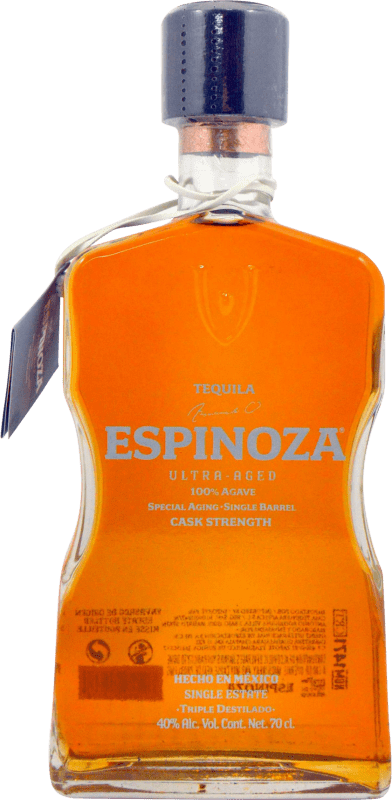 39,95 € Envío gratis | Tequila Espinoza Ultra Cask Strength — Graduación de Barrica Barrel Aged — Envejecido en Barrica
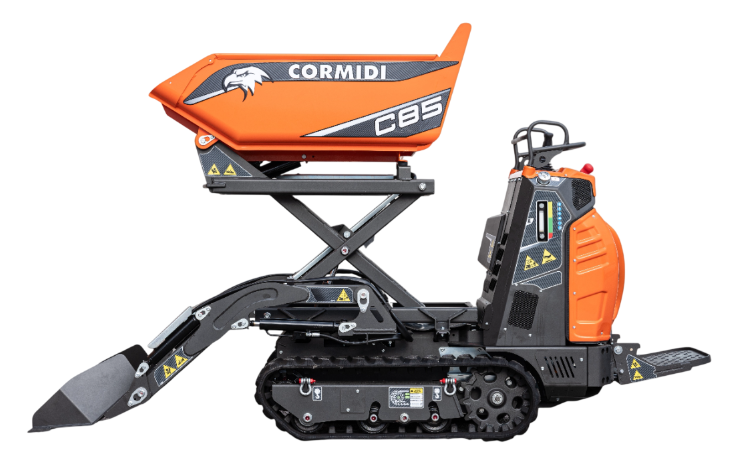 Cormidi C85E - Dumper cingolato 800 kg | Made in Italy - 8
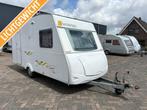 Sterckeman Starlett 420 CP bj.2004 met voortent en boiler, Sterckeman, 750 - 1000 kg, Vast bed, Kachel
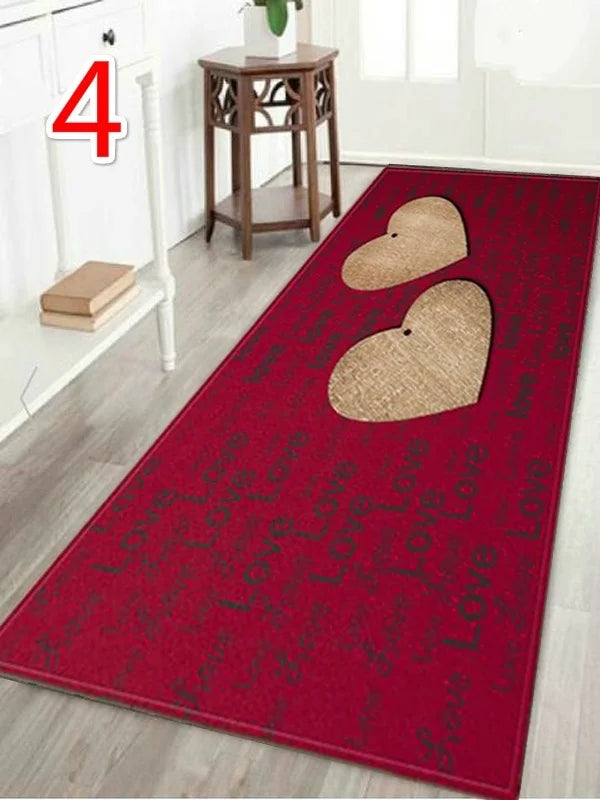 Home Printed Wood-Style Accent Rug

■ ■ ■ ■ ■

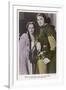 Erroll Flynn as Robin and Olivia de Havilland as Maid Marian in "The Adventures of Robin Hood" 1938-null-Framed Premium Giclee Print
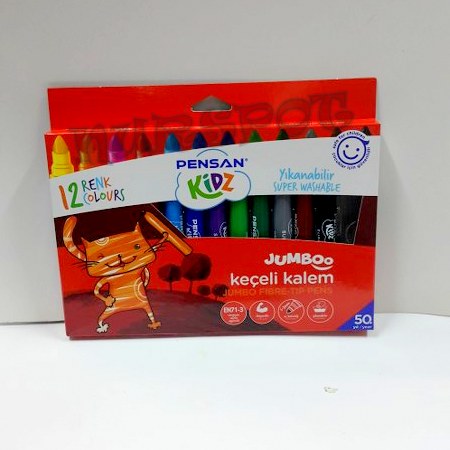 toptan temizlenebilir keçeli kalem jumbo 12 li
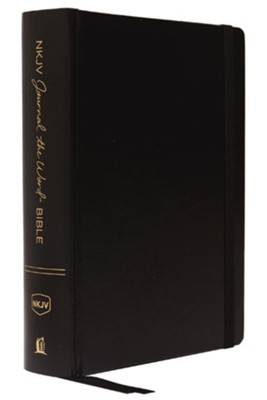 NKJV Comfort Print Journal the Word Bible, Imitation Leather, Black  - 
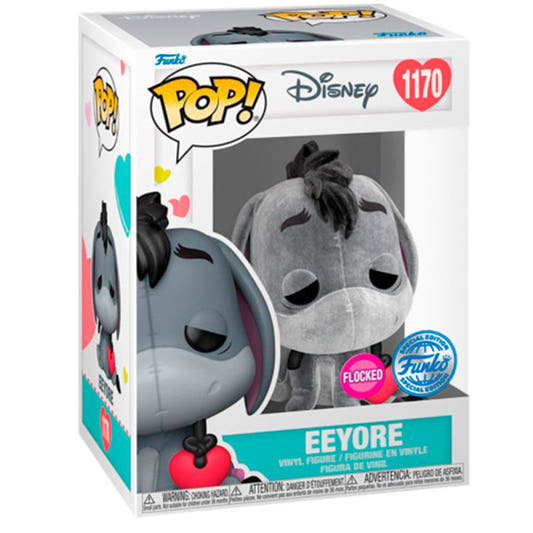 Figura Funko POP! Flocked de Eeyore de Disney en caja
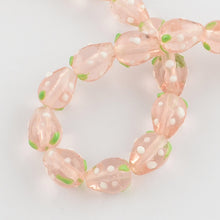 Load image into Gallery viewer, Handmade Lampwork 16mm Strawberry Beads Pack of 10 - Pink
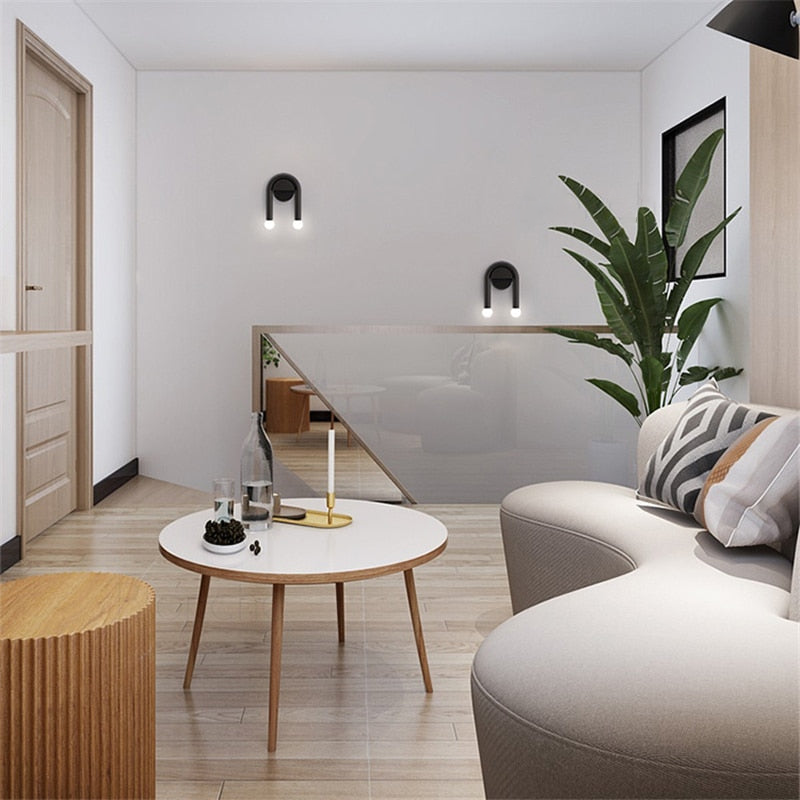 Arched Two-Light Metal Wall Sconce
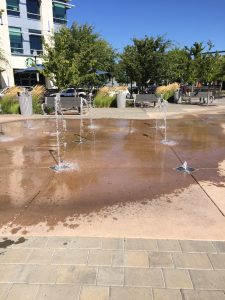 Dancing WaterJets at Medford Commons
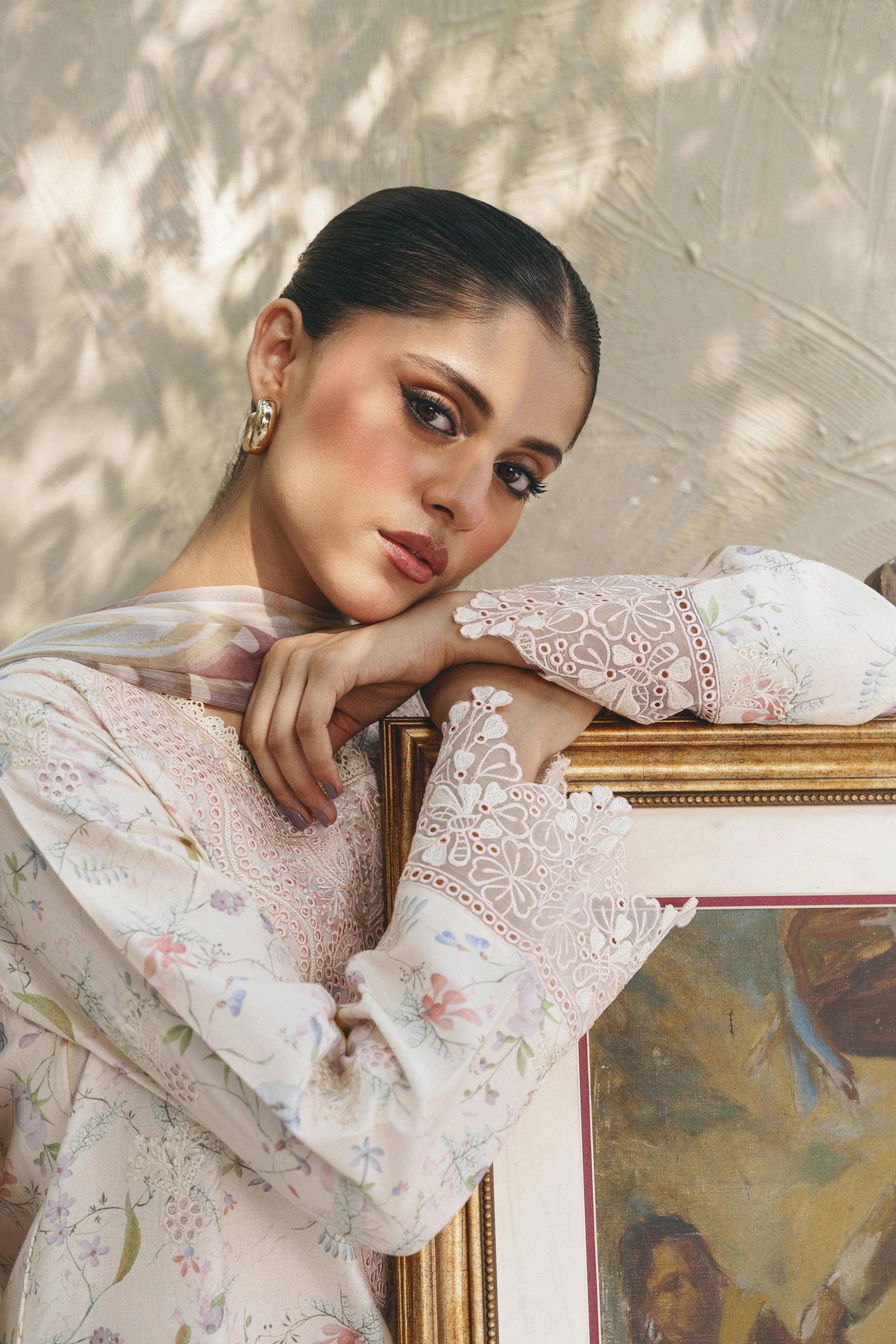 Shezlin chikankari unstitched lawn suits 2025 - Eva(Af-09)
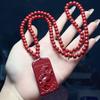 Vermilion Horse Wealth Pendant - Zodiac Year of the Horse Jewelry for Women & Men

■ ■ ■ ■ ■

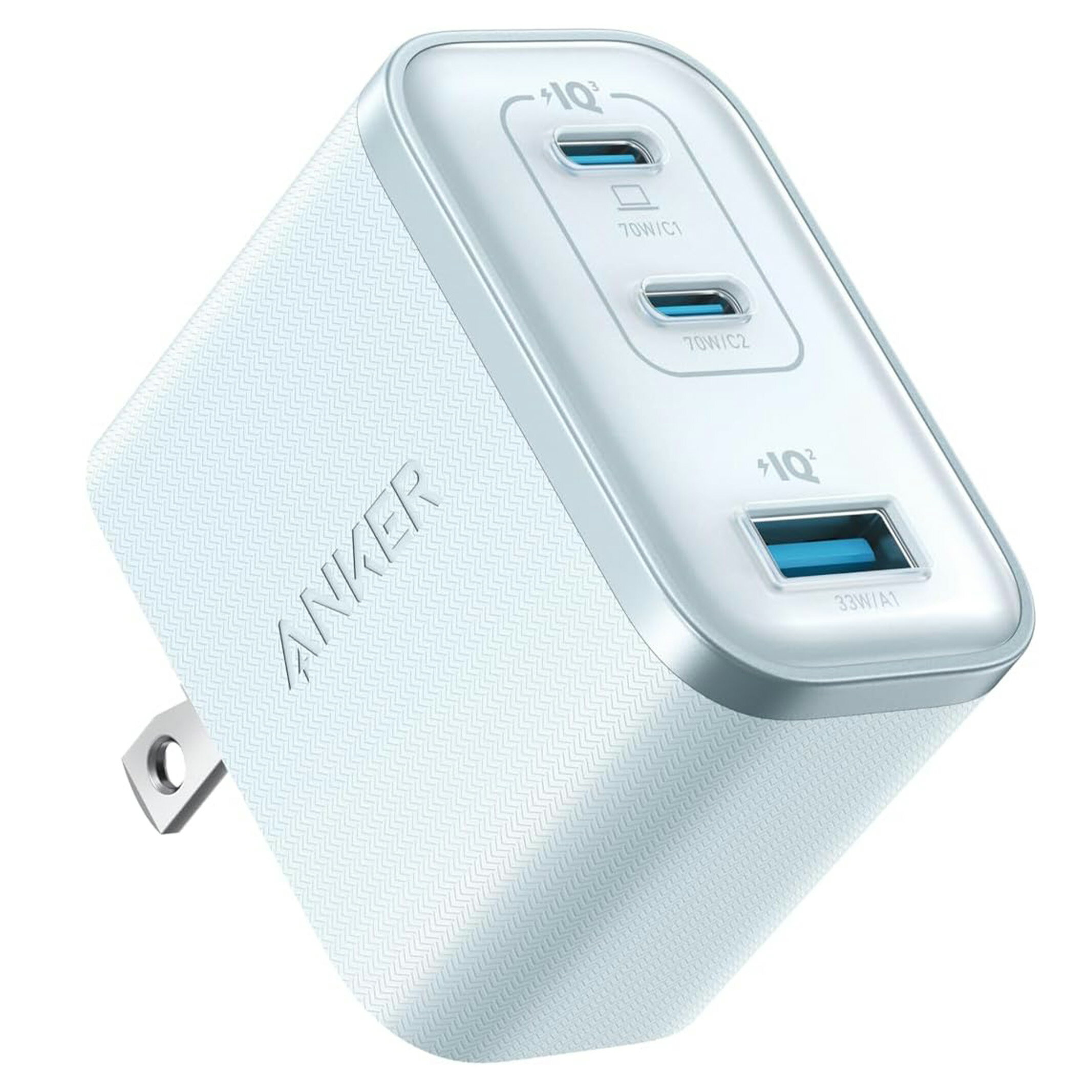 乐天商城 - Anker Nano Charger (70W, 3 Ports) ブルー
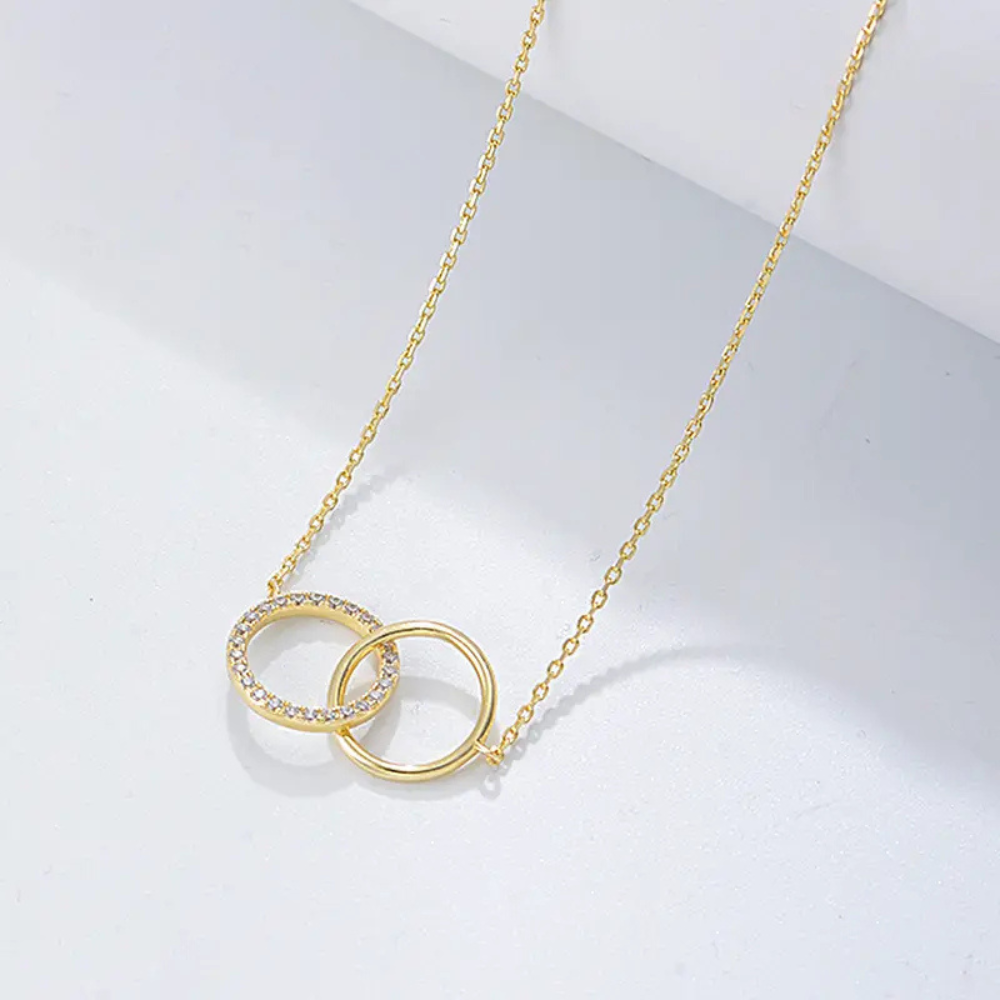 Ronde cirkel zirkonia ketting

■ ■ ■ ■ ■

BRIEF
Work from the entries above. Set down exactly and only the lines from the line with "Erroll Flynn as" to the line with "Shezlin chikankari unstitched", both included, and leave the pictures out.

SOLUTION TO THIS EXERCISE
 Erroll Flynn as Robin and Olivia de Havilland as Maid Marian in "The Adventures of Robin Hood" 1938-null-Framed Premium Giclee Print
 toptan temizlenebilir keçeli kalem jumbo 12 li
 NKJV Comfort Print Journal the Word Bible, Imitation Leather, Black  - 
 Figura Funko POP! Flocked de Eeyore de Disney en caja
 Load image into Gallery viewer, Handmade Lampwork 16mm Strawberry Beads Pack of 10 - Pink
 Arched Two-Light Metal Wall Sconce
 Dancing WaterJets at Medford Commons
 Shezlin chikankari unstitched lawn suits 2025 - Eva(Af-09)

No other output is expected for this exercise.